- [Your assignment] Return the following data exactly, with all pictures left out.

- [Supplied data]
____
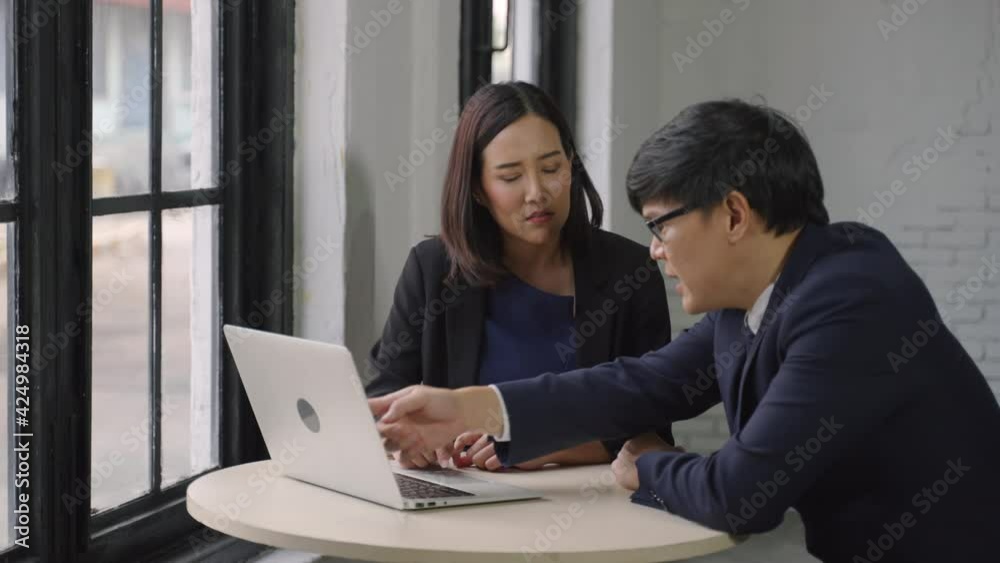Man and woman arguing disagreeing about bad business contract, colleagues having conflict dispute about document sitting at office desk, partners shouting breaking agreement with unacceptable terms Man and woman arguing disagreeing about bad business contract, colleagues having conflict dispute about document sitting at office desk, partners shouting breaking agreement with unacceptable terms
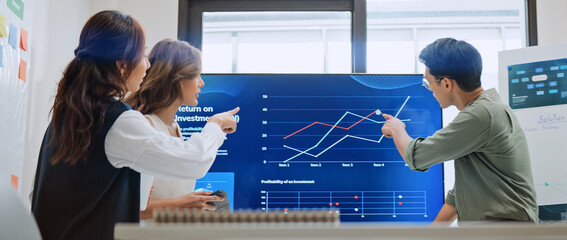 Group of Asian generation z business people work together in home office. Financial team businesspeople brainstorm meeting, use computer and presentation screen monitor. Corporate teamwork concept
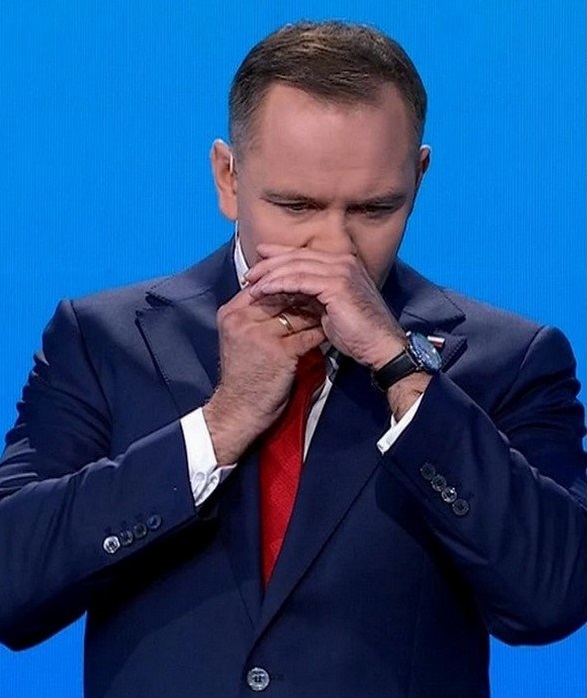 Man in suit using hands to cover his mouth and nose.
____
- [Output below]
Man and woman arguing disagreeing about bad business contract, colleagues having conflict dispute about document sitting at office desk, partners shouting breaking agreement with unacceptable terms Man and woman arguing disagreeing about bad business contract, colleagues having conflict dispute about document sitting at office desk, partners shouting breaking agreement with unacceptable terms
 Group of Asian generation z business people work together in home office. Financial team businesspeople brainstorm meeting, use computer and presentation screen monitor. Corporate teamwork concept
 Man in suit using hands to cover his mouth and nose.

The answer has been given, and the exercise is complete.